Who won the election?
Across California, the answer is only partially clear. In Sonoma County and statewide, some races on the Nov. 6 ballot remain so close that the victor might not be known for weeks.
Here in Sonoma County, for instance, Measure U, a parcel tax in the Monte Rio fire district, has exactly two-thirds of the vote — the exact majority required for approval.
Some counties — though, unfortunately, not Sonoma County — will provide updates as they tally votes. All counties must certify their vote totals by Dec. 7, with the secretary of state announcing official results by Dec. 14. Those are the legal deadlines, but the public would be well served if votes are counted sooner. Just don’t sacrifice accuracy for the sake of speed.
Sonoma County has more than 66,000 ballots to count, including 57,500 mail-in ballots. Statewide, nearly 2.8 million mail-in ballots awaited processing on election night, along with more than 1.1 million provisional and other uncounted ballots.
California took an all-of-the-above approach to making this election convenient for voters.

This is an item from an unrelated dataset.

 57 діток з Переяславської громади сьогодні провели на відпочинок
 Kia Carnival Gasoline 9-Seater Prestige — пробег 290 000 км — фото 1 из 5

Most counties operated precinct-level polling places, while five counties —Madera, Napa, Nevada, Sacramento and San Mateo — mailed ballots to all voters and opened vote centers for several days, where people could update their registrations, vote in person or get replacement ballots.

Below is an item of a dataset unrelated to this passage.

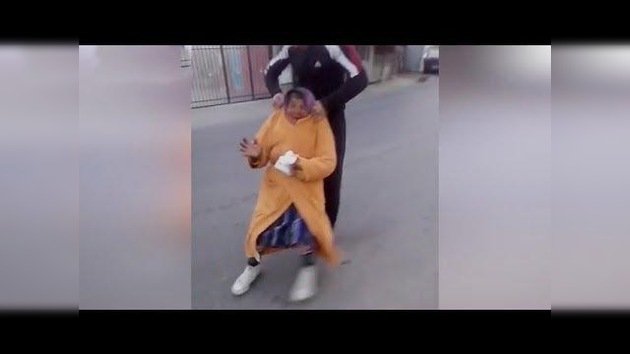 Impactante video: Jóvenes se burlan brutalmente de una anciana y la hacen gritar de terror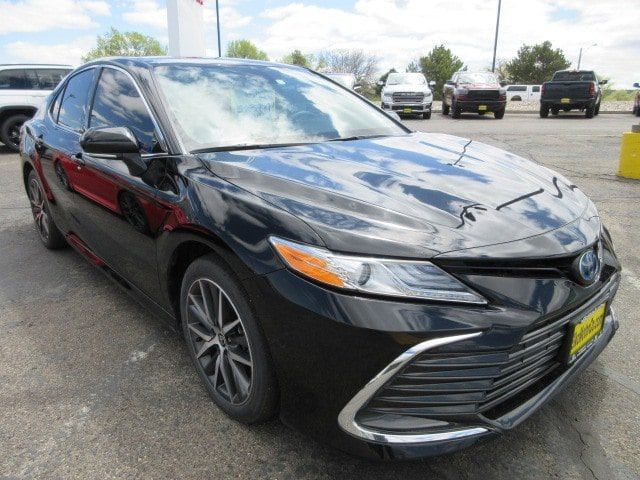 2024 Toyota Camry Hybrid XLE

Sonoma County mailed 202,000 ballots to voters. Fewer than half were returned in time to be counted on election night. Only about 36,000 voters went to the traditional polls.
Conducting elections is a complicated process, especially with California’s hybrid voting system. Fortunately, there is a new, overdue effort to ensure each mail-in ballot is counted.
Elections officials used to contact voters if a signature was missing on a submitted mail ballot, but they weren’t required to notify voters if the signatures was deemed invalid.
That inconsistency made no sense and wrongly took away voting rights, as Sonoma County resident Peter La Follette contended in a lawsuit filed after learning that his ballot had been rejected in 2016.
In the 2016 general election, discrepancies in voter signatures resulted in several hundred ballots being rejected in Sonoma County — and nearly 26,000 statewide, according to election officials. La Follette’s lawsuit contended the actual number was as high as 45,000.
Several states, including Washington, Oregon and Arizona, allow voters a chance to fix their signatures. Now California does, too.
A newly enacted law, sponsored by state Sen. Mike McGuire, D-Healdsburg, directs counties to notify mail voters if their signatures are questioned. Signatures may change over time, people forget to sign their name exactly as it is on their voter registration, or voters in the same household accidentally sign each other’s ballot.
If you took the time to vote, it behooves you to take another minute to verify that your vote was counted. Local voters can make sure that their ballots were received and processed at vote.sonoma-county.org.
Voting is the foundation of democracy, but it is a joint responsibility. Voters must show up to vote, which for mail voters includes correctly signing their ballots. And county election offices must count all ballots accurately and expeditiously.
California now ranks No. 3 among states for ease of voting, trailing Oregon, which has only vote by mail, and Colorado, which has a hybrid system. The only thing stopping us from rising to the top is official inertia.